Gongnya adalah konferensi pers yang digelar di Hotel Sofyan Menteng. Ia membawa satu pesan utama: “Wahai pemimpin dan rakyat Indonesia bantu sumud kami rakyat Palestina di negeri kami, kami tak sudi keluar dari negeri kami dengan dalih apapun!”

Ketika Gaza luluh lantak oleh 145.000 ton bom setara delapan kali bom atom Nagasaki-Hiroshima, ketika Tepi Barat dicekik oleh tembok pemisah dan pemukiman ilegal yahudi, dan ketika Yerusalem dikepung oleh penggusuran dan yahudisasi, dunia sering bertanya-tanya: “Mengapa rakyat Palestina tidak pergi saja? Mengapa mereka tetap tinggal di tanah yang setiap hari dilanda maut?”

Jawaban mereka sederhana namun mengguncang hati: sumud. Sebuah kata yang berarti keteguhan dan ketabahan, yang telah menjelma menjadi falsafah hidup, strategi perlawanan, sekaligus rahasia mengapa Palestina tidak pernah padam dari peta sejarah.

The Secret of Sumud: Mengapa Palestina Tidak Pernah Menyerah

Ketika Gaza dibombardir, ketika Tepi Barat dikepung, ketika rumah-rumah dihancurkan, dunia sering bertanya: “Mengapa rakyat Palestina tidak pergi saja?

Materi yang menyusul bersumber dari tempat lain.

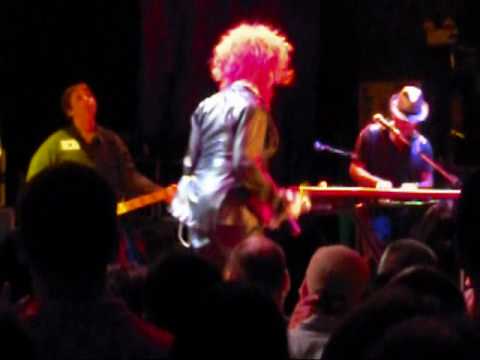 Cindi Lauper Sings The Blues at House of Blues 6 3...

Mengapa mereka tetap bertahan di tanah yang setiap hari dilanda maut?”

Jawabannya ada pada satu kata yang lahir dari jiwa mereka: sumud. Dalam bahasa Arab, sumud berarti keteguhan, ketabahan, dan ketegaran. Namun, bagi Palestina, sumud bukan sekadar sikap mental, melainkan falsafah hidup dan strategi perlawanan. Ia adalah rahasia eksistensi mereka.

Bertahan Bukan Pilihan, Melainkan Amanah

Bagi rakyat Palestina, tanah yang mereka pijak bukan sekadar tanah air, tetapi tanah suci. Di sanalah berdiri Masjid al-Aqsa, kiblat pertama umat Islam. Mereka percaya firman Allah:

“Maha Suci Allah yang telah memperjalankan hamba-Nya pada malam hari dari Masjidil Haram ke Masjidil Aqsa yang telah Kami berkahi sekelilingnya.” (QS. Al-Isra’: 1)

Karena itu, bertahan di Gaza, Nablus, Hebron, atau Yerusalem bukan sekadar urusan nasionalisme. Ia adalah ibadah. Menjaga tanah berarti menjaga amanah Al-Qur’an.

Fahmi Salim (tengah) dan Mustafa Al-Bargouti di Masjid Istiqlal Jakarta.

Martabat Lebih Tinggi dari Kenyamanan

Sejak tragedi Nakbah 1948, bangsa Palestina belajar bahwa siapa pun yang terusir akan menjadi pengungsi abadi. Sebaliknya, siapa yang bertahan, meski di bawah puing, tetap memiliki hak atas tanahnya.

Inilah sebabnya banyak keluarga lebih memilih hidup di reruntuhan rumah ketimbang pindah ke pengungsian. Seorang ibu di Gaza pernah berkata, “Kami bisa hidup tanpa listrik, tanpa makanan, bahkan tanpa rumah. Tapi kami tidak bisa hidup tanpa tanah kami.”

Pernyataan itu menggambarkan inti dari sumud: martabat lebih tinggi daripada kenyamanan.